ESPN’s Stein: Suns among those interested in Jazz’s Gordon Hayward
The Phoenix Suns want to win now, but a stocked cupboard of assets might not be enough to take any steps in that direction.
Armed with the fourth, 13th, 28th and 34th picks in this year’s draft alone, the Suns have inquired about trading for Utah Jazz swingman Gordon Hayward, according to ESPN’s Marc Stein. The problem is that the Jazz reportedly have no interest in moving their starting small forward.
Sources say Phoenix, in its failed trade pitch to convince Utah to surrender Gordon Hayward, tried to pair Eric Bledsoe with a lottery pick
— Marc Stein (@ESPNSteinLine) June 23, 2016
With Stein’s later report that Suns point guard Eric Bledsoe was included in the trade package, the chances of a Hayward trade look to be 0 percent after Utah acquired point guard George Hill from Indiana in a three-team deal that only cost them a No. 12 pick.

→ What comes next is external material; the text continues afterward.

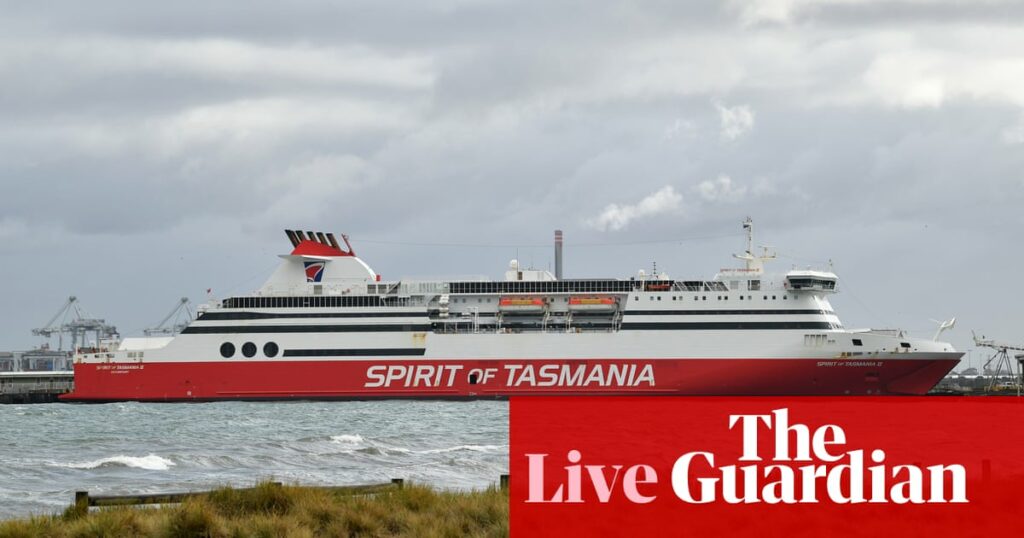 Australia news live: Tasmanian politics in crisis over ferry fiasco as deputy premier quits cabinet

More telling — and what Stein focuses on in his report — is that the Boston Celtics have also been unable to entice Utah to begin any trade talks revolving around Hayward.
Boston, like Phoenix, has built a deep stock of draft picks and also has several young players on the current roster that would seemingly be included in a deal for a star player. But Stein reports that the Celtics haven’t made headway in trade discussions that include Hayward, the Bulls’ Jimmy Butler, or the Bucks’ Jabari Parker or Khris Middleton.
Those players fall in the spectrum of young, second-tier stars to underappreciated No. 2 or No. 3 options.
Knowing that, the ability for the Suns to make a deal for even a second-tier star seems unlikely. As discussed in our recent Empire of the Suns podcast, the Lakers and Celtics, who pick before the Suns in the draft, can offer more should a trade partner view a No. 2 or No. 3 draft choice in 2016 as an enticing chip.
In what’s considered a two-player draft, the Suns have less to offer with their No. 4 pick.
If the Celtics don’t have enough to land a player of Hayward’s caliber, it would seem unlikely Phoenix does without pulling in a third team.
As Kellan Olson noted in his list of potential young veteran targets for the Suns, Hayward would not only require a boatload of assets for the Suns to acquire him. He would also be able to opt out of his $16 million per year contract following the 2016-17 season and seek a more pricey maximum that will balloon with the increased cap space league-wide.
All this, of course, leap-frogs the assumption Utah would indeed be willing to trade Hayward.
While he is considered their best player after averaging 19.7 points, 3.7 assists and 5 rebounds per game in 2015-16, the 26-year-old might be expendable should the Jazz decide to build around the younger core of Rudy Gobert, Trey Lyles, Rodney Hood and Dante Exum.